I am not one of those countrywomen who feel the need to return to the Old Country on an almost constant basis. Quite simply, it is not a very interesting place. However, I am not immune to bouts of nostalgia. I have discovered that even the unremarkable and mild hills of the Midlands can pull on the heartstrings. Heuston Station on a Saturday is a far more benign place than its Friday incarnation. Fewer shivering, endless queues. My journey into the heart of dullness was pleasant, in that not only did I get a seat, I got the seat in front as well; so I could prop up my feet. Also, no one decided to watch ‘Too Fast, Too Furious: Tokyo Drift’ on their laptop at full volume. CIE-luxe.
Oh, what a sense of security I had been lulled into.
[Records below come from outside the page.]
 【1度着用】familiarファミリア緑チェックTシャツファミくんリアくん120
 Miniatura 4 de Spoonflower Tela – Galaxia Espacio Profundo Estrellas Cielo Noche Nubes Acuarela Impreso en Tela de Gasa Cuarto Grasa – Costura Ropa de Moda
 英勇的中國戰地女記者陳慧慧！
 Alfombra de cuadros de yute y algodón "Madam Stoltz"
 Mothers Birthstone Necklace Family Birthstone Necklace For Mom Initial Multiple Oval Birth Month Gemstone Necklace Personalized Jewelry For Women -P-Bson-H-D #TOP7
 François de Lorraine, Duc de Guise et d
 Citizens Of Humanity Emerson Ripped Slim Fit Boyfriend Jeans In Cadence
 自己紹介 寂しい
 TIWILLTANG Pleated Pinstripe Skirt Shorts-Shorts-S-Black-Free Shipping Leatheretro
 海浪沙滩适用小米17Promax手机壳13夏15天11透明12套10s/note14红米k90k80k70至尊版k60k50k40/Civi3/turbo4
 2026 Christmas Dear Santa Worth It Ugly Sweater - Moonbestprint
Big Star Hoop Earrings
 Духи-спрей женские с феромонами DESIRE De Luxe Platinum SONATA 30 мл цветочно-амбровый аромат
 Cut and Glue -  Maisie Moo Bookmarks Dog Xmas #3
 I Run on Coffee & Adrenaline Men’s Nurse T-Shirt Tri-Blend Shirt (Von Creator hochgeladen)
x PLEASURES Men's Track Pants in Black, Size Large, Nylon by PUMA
I had forgotten that CIE is an evil company run by bad people, and the weekend Westport-Dublin train service is its sadistic triumph. The idea of a seat is somewhat ridiculous once the locomotive leaves Claremorris, and once it reached me, the carriages are weighed down with the mentally unsound – public transport’s most loyal patrons – and Commerce students from Ballina. As I stood in the aisle for the remaining two hours of the journey, I had the good fortune to have most of these fine citizens grind against me as they fought their way to the shop. Seriously, Eileen, the carriages are full of people; the piss-stinking spaces between the carriages are full of people, do you really need a packet of cheese and onion Tayto that much?
€37 to stand for two hours in deeply uncomfortable heat, with culchies pushing past me looking for crap tea. Iarnród Éireann – what a pack of cunts.